Probablement l’embauche la plus surprenante de la dernière saison morte, Mike McCarthy n’a rien fait pour taire ses détracteurs. Il a commencé son mandat en nommant le dinosaure Mike Nolan comme coordonnateur défensif, ce qui est, jusqu’à présent, un échec lamentable. Ensuite, une fois que Dak Prescott est tombé au combat, quelques joueurs ont critiqué le personnel d’entraîneurs en disant qu’ils « ne sont pas bons à leur travail » et qu’ils « manquent complètement de préparation. » Un peu à la Anthony Lynn, sa gestion du temps est également l’un de ses gros points faibles. Il vrai que McCarthy a une victoire au Super Bowl sur son résumé, mais le crédit devrait aller à Aaron Rodgers et non au natif de Pittsburgh. Heureusement pour lui, Jerry Jones est très patient avec ses entraîneurs chefs, donc il devrait être de retour en 2021.

26 – Doug Marrone (Jaguars)

Fiche en carrière: 38-58 (0.396)

Éliminatoires: 2-1

Doug Marrone a connu un bon début de mandat à Jacksonville en menant les Jaguars au championnat de l’AFC, où ils se sont inclinés aux mains des Patriots. Toutefois, à partir de ce moment là, la carrière de Marrone est en pente descendante.

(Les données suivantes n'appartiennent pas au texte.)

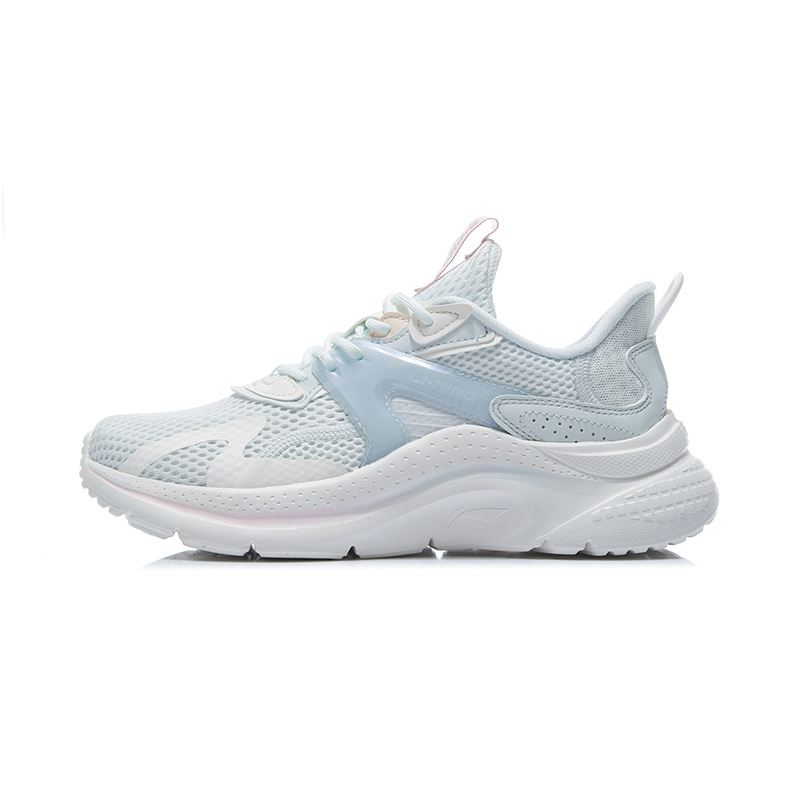 李宁休闲鞋女鞋春季新款流云女士休闲鞋子低帮运动鞋aglr036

Il est vrai que son effectif s’est détérioré d’année en année, mais n’entraîneur chef de calibre ne présente pas une fiche de 1-12 avec trois matchs à faire. À moins d’une intervention divine, Marrone devra se trouver un emploi ailleurs en 2021.

Probablement Mauvais

25 – Kliff Kingsbury (Cardinals)

Fiche en carrière: 13-16-1 (0.450)

Éliminatoires: 0-0

Plusieurs seront surpris de voir le nom de Kliff Kingsbury aussi bas dans la liste, mais les récents succès des Cardinals semblent être le fruit du travail du DG Steve Keim, et non celui de l’entraîneur chef. En effet, Kingsbury semble être trop conservateur quand la situation demande de l’agressivité et trop gourmand quand l’attaque n’a que besoin de maintenir la possession du ballon. De plus, son utilisation des temps arrêts laisse à désirer. Bref, si l’Arizona se qualifie en éliminatoires, Kingsbury pourra remercier Kyler Murray.

24 – Zac Taylor (Bengals)

Fiche en carrière: 5-24-1 (0.183)

Éliminatoires: 0-0

Il est trop tôt pour porter un réellement jugement sur Zac Taylor puisqu’il travaille avec l’un des pires alignements depuis son arrivé à Cincinnati. Son équipe est compétitive match après match, mais à un certain point, cela doit se traduire en victoires. Donc sa fiche n’est pas glorieuse pour l’instant, mais on va apprendre beaucoup sur les compétences de Taylor en 2021 lorsque Joe Burrow sera de retour en santé.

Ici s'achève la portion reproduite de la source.